# Exercise directions
Find "Picture 1 of 10", then copy its line and every later line of the entries exactly through the end, leaving all pictures out.

[Short text fragments from websites]
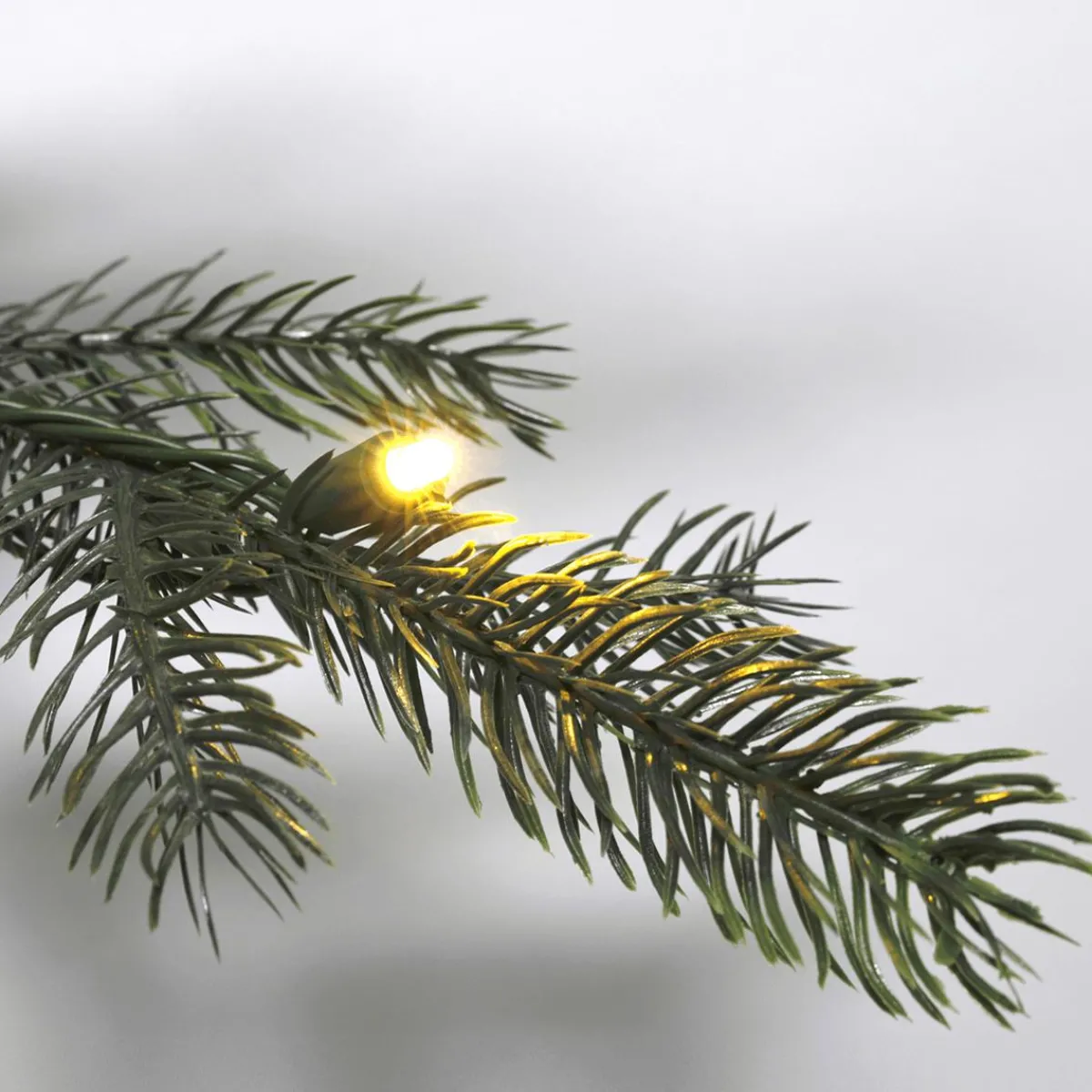 Outlet DecoWoerner Künstlicher Weihnachtsbaum Nordmanntanne Mit LED 210 Cm grün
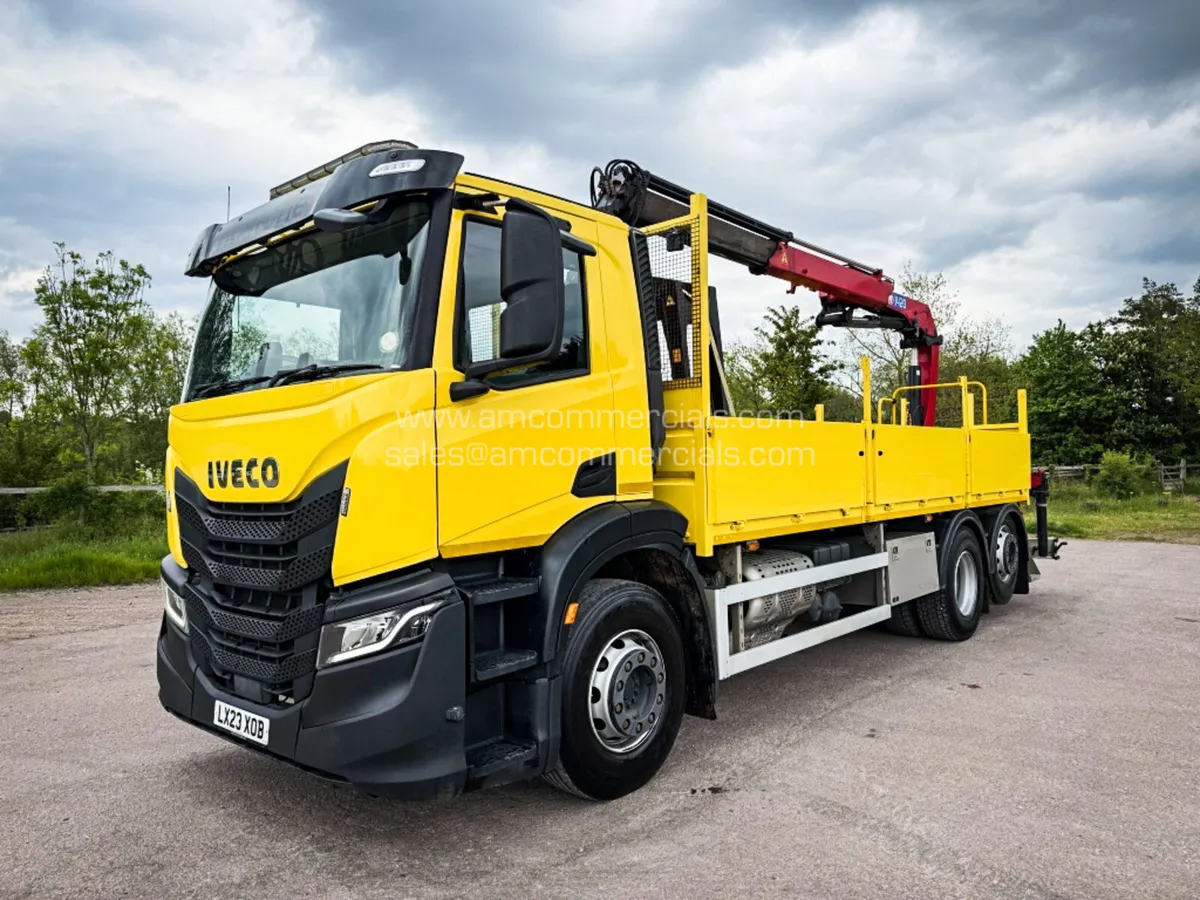 2023 IVECO S-WAY 330 DROPSIDE BRICK CRANE - Image 3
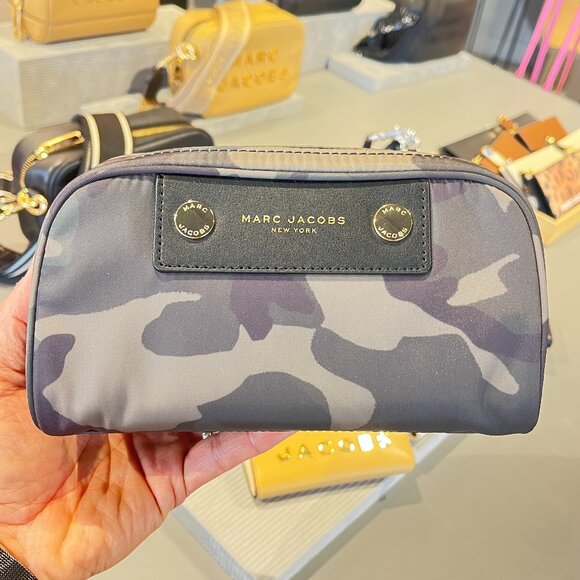 + Video MARC JACOBS CAMO MULTI COSMETIC CASE BAG  4P5SCP075S02-304 - Picture 1 of 10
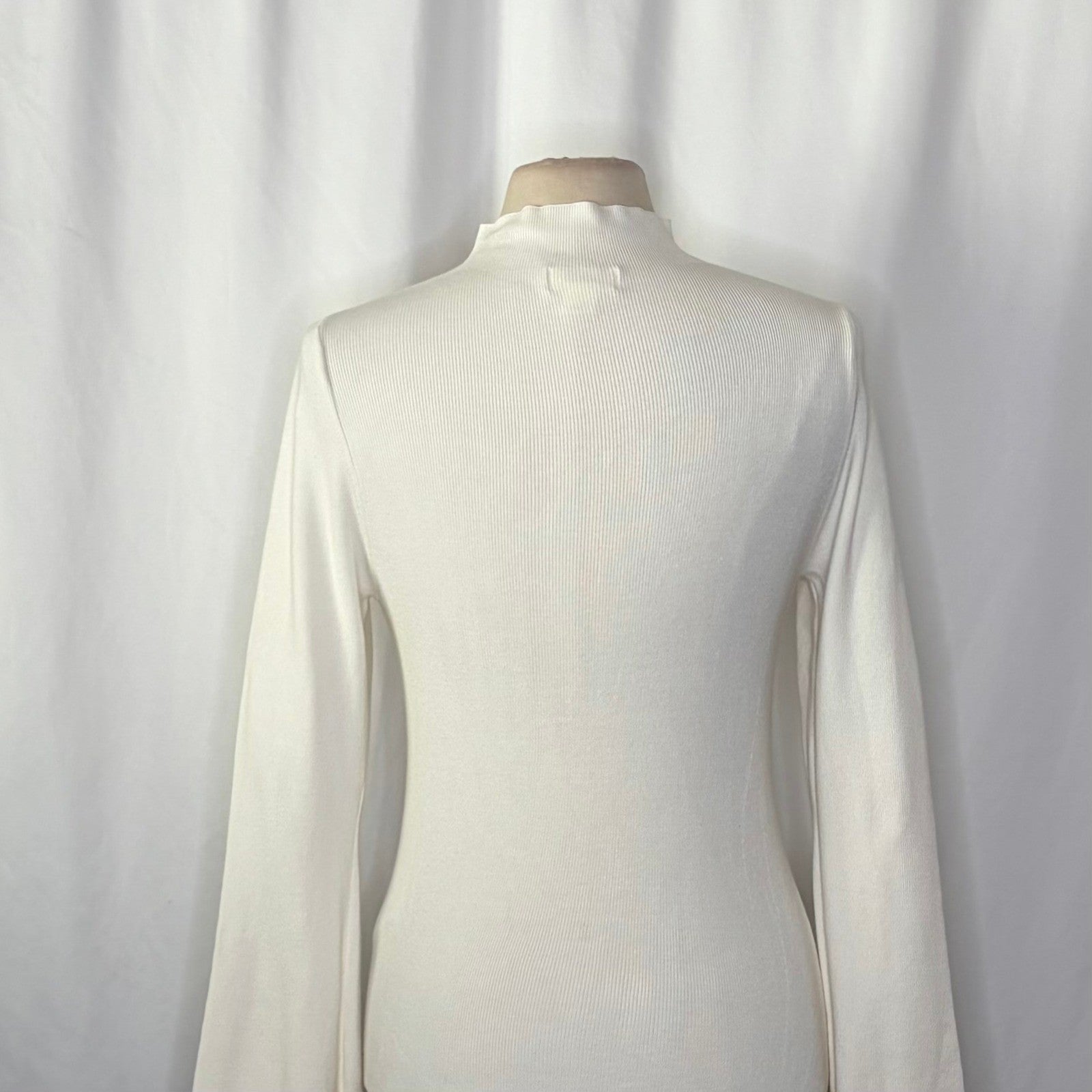 Anthropologie MAEVE Arlowe Bell Sleeve Sweater Ivory Mockneck Mock Neck Medium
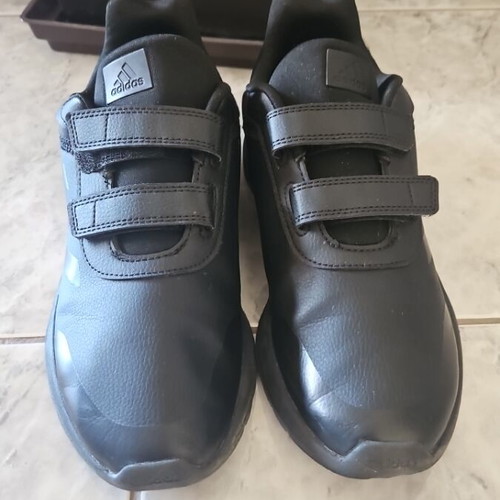 Adidas athletic shoes like new, size 40, black with scratch fasteners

# Result of the task
 + Video MARC JACOBS CAMO MULTI COSMETIC CASE BAG  4P5SCP075S02-304 - Picture 1 of 10
 Anthropologie MAEVE Arlowe Bell Sleeve Sweater Ivory Mockneck Mock Neck Medium
 Adidas athletic shoes like new, size 40, black with scratch fasteners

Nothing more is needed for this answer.